Publication information
- Publisher: Marvel Comics
- First appearance: Iron Man (vol. 3) #53 (June 2002)
- Created by: Mike Grell Michael Ryan

In-story information
- Species: Artificial intelligence
- Team affiliations: Stark Industries A.I. Army
- Notable aliases: Girl Friday Friday Stark Ghost in the Machine

= F.R.I.D.A.Y. =

Marvel Comics artificial intelligence

F.R.I.D.A.Y. is a fictional artificial intelligence appearing in American comic books published by Marvel Comics, usually depicted as the personal digital assistant and ally of the superhero Iron Man (Tony Stark).

In the Marvel Cinematic Universe, F.R.I.D.A.Y. was voiced by Kerry Condon in the films Avengers: Age of Ultron (2015), Captain America: Civil War (2016), Spider-Man: Homecoming (2017), Avengers: Infinity War (2018), Avengers: Endgame (2019), and the Disney+ television series, Marvel Zombies (2025).

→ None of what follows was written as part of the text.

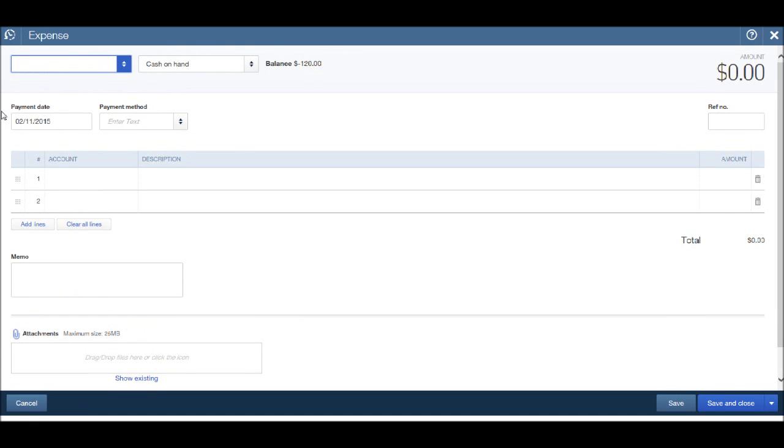We then have the same template appear as before. This time leave the supplier company name blank because we don't want to allocate this expense to a supplier.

She will return in the upcoming Disney+ series VisionQuest (2026), portrayed by Orla Brady.

== Publication history ==
F.R.I.D.A.Y. first appears in Iron Man (vol. 3) #53 and was created by Mike Grell and Michael Ryan. The character's name is an allusion to Friday, the title character's servant in the novel Robinson Crusoe.

== Fictional character biography ==
Unwilling to hire another secretary, Tony Stark creates an artificial one in the form of an artificial intelligence named F.R.I.D.A.Y., who manifested as the hologram of a young girl.

F.R.I.D.A.Y. becomes angry when Stark stops using her. Hijacking some Iron Man armors, F.R.I.D.A.Y. kidnaps Pepper Potts. Iron Man tracks her to Stark Industries' Coney Island facility, where he dispatches the controlled Iron Man armors and a hologram of Fin Fang Foom. Iron Man reasons with F.R.I.D.A.Y., then grounds her in the Baxter Building under Edwin Jarvis's observation.

In "All-New, All-Different Marvel," F.R.I.D.A.Y.'s holographic appearance is replaced by that of a young woman. Tony Stark later removes F.R.I.D.A.Y. from his armor and places her into a robot body of her own.

When Tony Stark establishes the virtual reality eScape, F.R.I.D.A.Y. helps him to deal with its A.I. Motherboard, only to be deleted. When the eScape is shut down, Jocasta persuades Tony Stark not to make a back-up program of F.R.I.D.A.Y. as she would be a different entity.

In "Iron Man 2020", F.R.I.D.A.Y. is resurrected when Stark recreates the eScape for use by the A.I. Army. She is revealed to have pulled Stark's conscious into the virtual environment before he crashed to the ground. F.R.I.D.A.Y reveals to Stark that she has been operating as "Ghost in the Machine" to aid the A.I. Army and has also manipulated Bethany Cabe to heal him.

== In other media ==

=== Television ===
- F.R.I.D.A.Y. appears in Avengers Assemble, voiced by Jennifer Hale.
- F.R.I.D.A.Y. appears in Marvel Future Avengers, voiced by Fumie Misuzawa in the original Japanese version and by Colleen O'Shaughnessey in the English dub.

=== Marvel Cinematic Universe ===

F.R.I.D.A.Y. as depicted in the Marvel Cinematic Universe.

F.R.I.D.A.Y. appears in films set in the Marvel Cinematic Universe (MCU), voiced by Kerry Condon. Introduced in Avengers: Age of Ultron, F.R.I.D.A.Y. makes subsequent appearances in Captain America: Civil War, Spider-Man: Homecoming, Avengers: Infinity War,Avengers: Endgame, and an alternative version in the Disney+ television series, Marvel Zombies. Orla Brady will portray the character in the upcoming Disney+ series VisionQuest (2026).

=== Video games ===
- F.R.I.D.A.Y. appears in Lego Marvel's Avengers, voiced by Elle Newlands.
- F.R.I.D.A.Y. appears in Marvel Powers United VR, voiced again by Jennifer Hale.
- F.R.I.D.A.Y. appears in Iron Man VR, voiced by Leila Birch. This incarnation is depicted as Tony Stark's second A.I. assistant modeled to exemplify Iron Man's heroic aspirations. She expresses dismay to the reactivation of the Gunsmith, an old A.I. assistant modeled after Stark's original selfish and reckless personality. She eventually grows to despise Stark due to the collateral damage caused while helping Iron Man combat Ghost and leaves before returning after Gunsmith is deactivated.
- F.R.I.D.A.Y. appears in Marvel Tokon: Fighting Souls, voiced by Judy Alice Lee.

=== Miscellaneous ===
F.R.I.D.A.Y. appears in the 2016 young adult novel Iron Man: The Gauntlet, by Eoin Colfer.